But it belongs to you, to the reader.
Host Marcia Franklin: Coming up, I talk with bestselling author Dr. Abraham Verghese about his newest novel, "The Covenant of Water."
That's "Conversations from the Sun Valley Writers' Conference," next.
Stay with us.
(MUSIC) Announcer: Major funding is provided by the Idaho Public Television Endowment and the Corporation for Public Broadcasting.
Franklin: Hello and welcome.
I'm Marcia Franklin.
When Abraham Verghese was a teenager, he read a book that changed the course of his life.
"Of Human Bondage," by Somerset Maugham, is a story of a shy young man with a disability who eventually finds his calling as a doctor.
The novel touched Verghese so deeply that he decided he also wanted to pursue a career in medicine.
50 years later, he's not only a renowned physician and professor, but also the bestselling author of four books, including "My Own Country," "Cutting for Stone," and his latest novel, "The Covenant of Water."
It's an epic tale of intersecting lives in Kerala, India, that spans seven decades.
I sat down with Dr. Verghese at the 2023 Sun Valley Writers' Conference to learn more about what compelled him to spend 10 years writing the book, its relationship to his own family history, and the importance of the conference in his life.
Franklin: Dr.

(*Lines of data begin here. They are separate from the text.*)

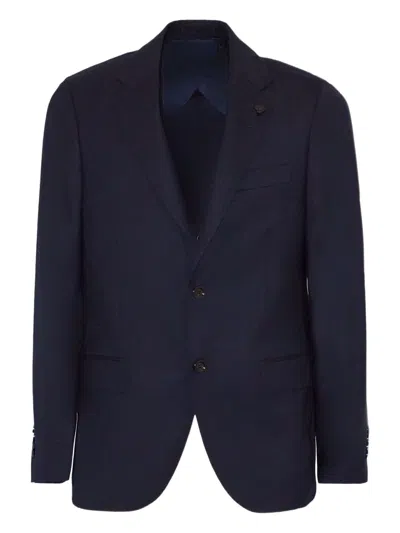 Lardini Single-breasted Brooch Detail Blazer In Blue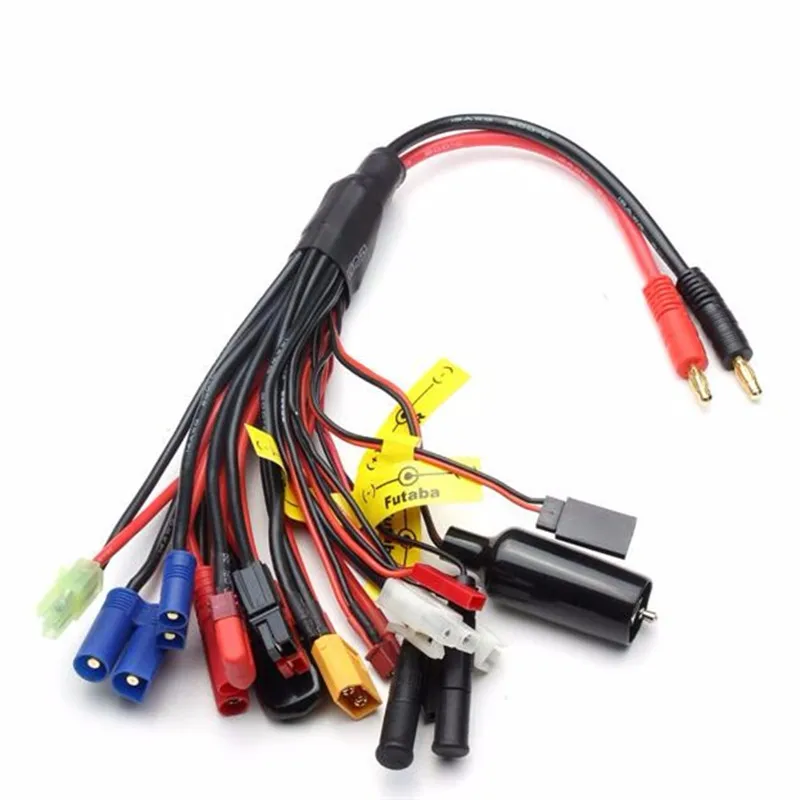 1 to 19 Multi-function Charging Cables Banana Plug to XT60 EC5 Tamiya or so Various High Current Lipo Battery Helicopter Cars 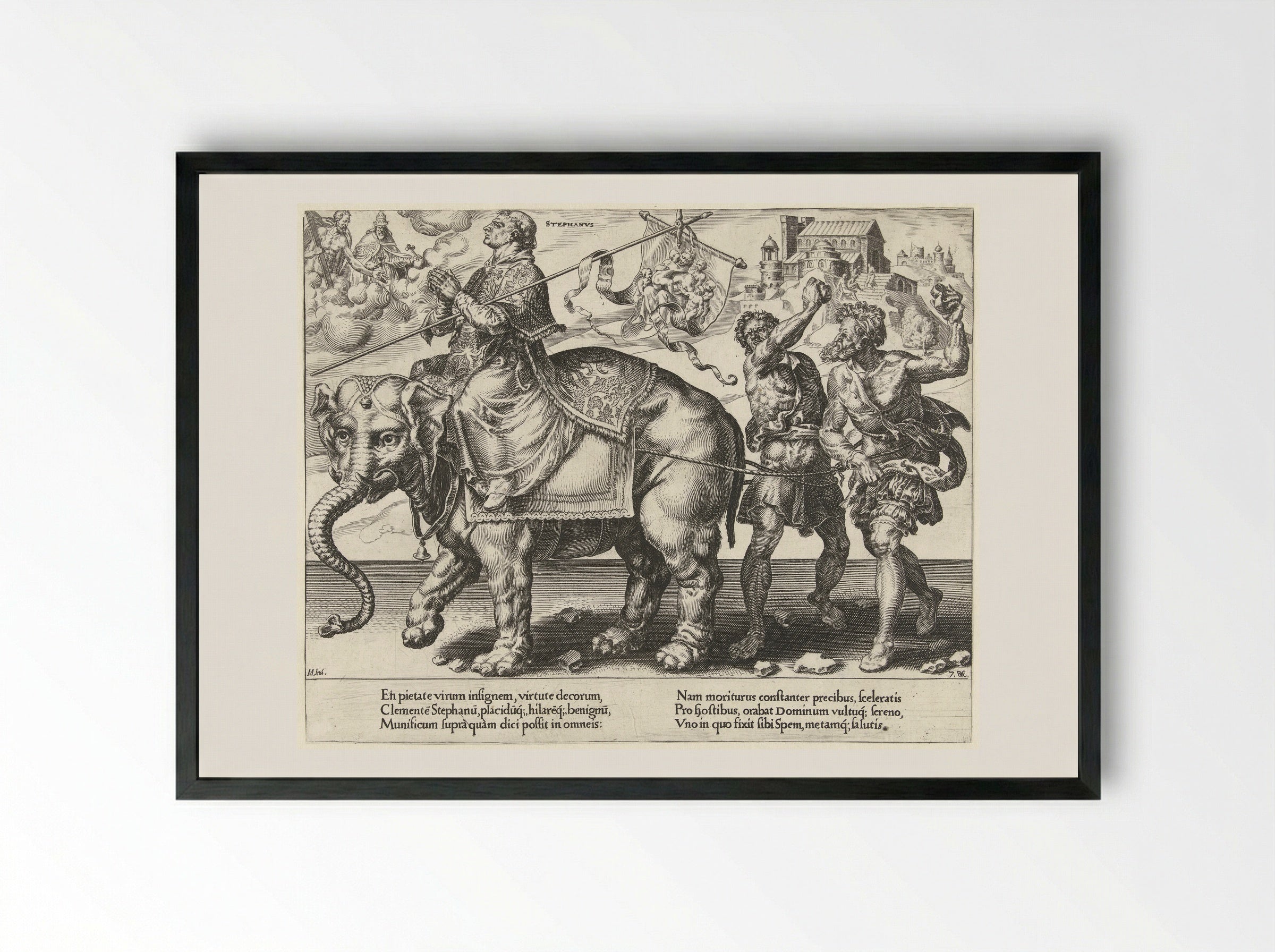 The Triumph of Saint Stephen - Hieronymus Cock - Framed Print Black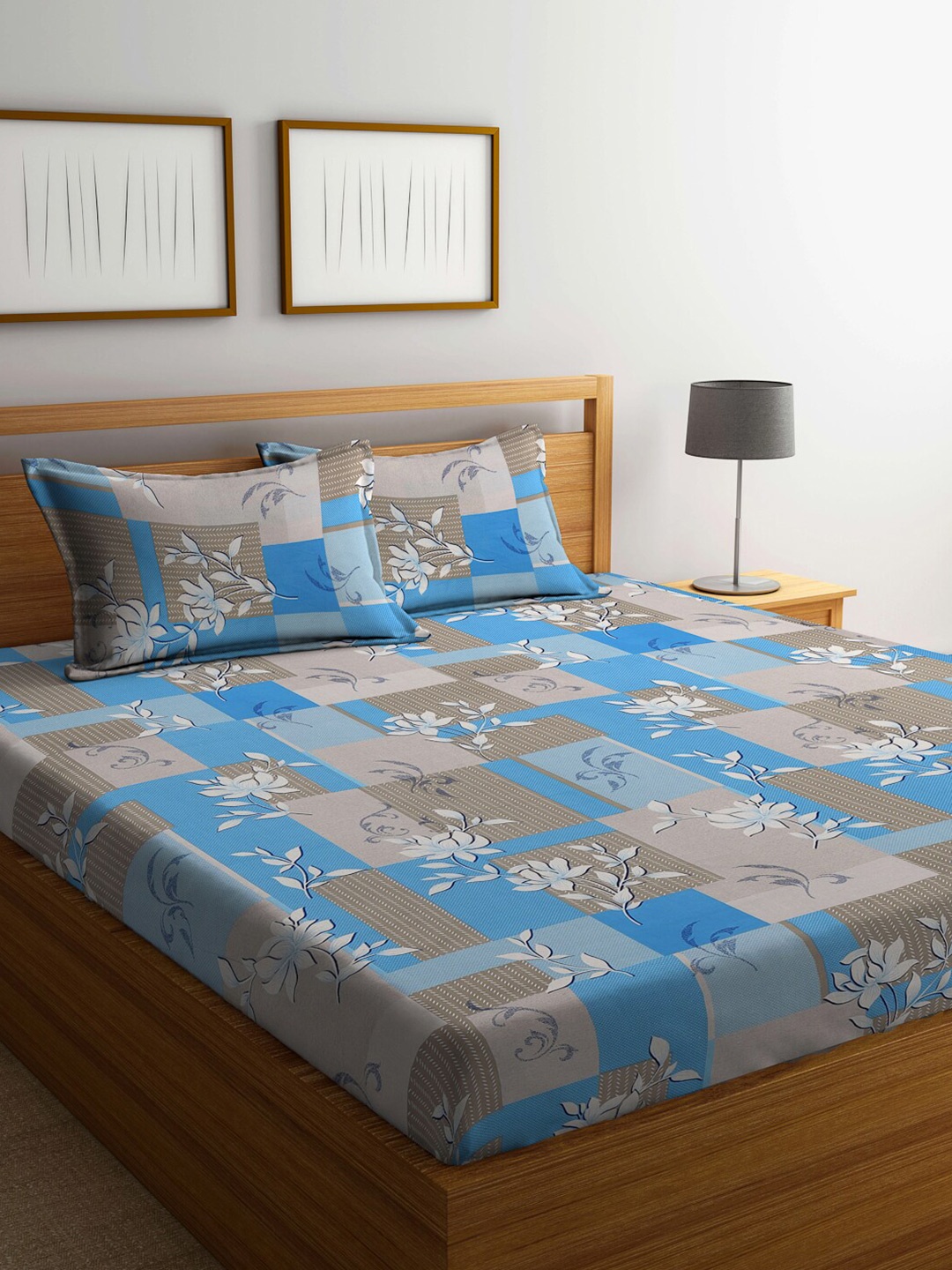 KLOTTHE Blue & Grey Floral-Printed Pure-Cotton Double King Bedsheet With Pillow Cover
KLOTTHE Blue & Grey Floral-Printed Pure-Cotton Double King Bedsheet With Pillow Cover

Verghese, it's wonderful to see you again.
It's been 14 years.
Verghese: Has it really been that long?
Franklin: Yes.
We last spoke in 2009.
So much has happened in the world, in our lives, not the least of which is that you have another bestselling book out.
So congratulations on that.
Verghese: Thank you.
Franklin: And not only is it out and a bestseller, but it's got already this little imprimatur on it, "Oprah's Book Club."
She has really gone to town, so to speak with this.
She loves it and has done a podcast.
What has this been like for you?
Verghese: Well, it's actually made all the difference.
You know, just being an "Oprah's Pick" bumps a book up considerably, but none of us factored in her enthusiasm.
So I feel tremendously honored.
It's just been a huge, huge blessing.
And getting to know her personally -- she's an incredibly well-read woman and also very, very wise.
And so I really benefited from her mentorship, I should say.
Franklin: And I think I heard you say that you had hoped your first book would be an "Oprah's Pick."
Verghese: Yeah, I actually lit candles for "Cutting for Stone" to be one of her picks, and I thought it fit what I thought I knew of her tastes -- you know, Africa and women's issues of genital mutilation in Africa.
And so I told her that story and we both concluded that the candle did work.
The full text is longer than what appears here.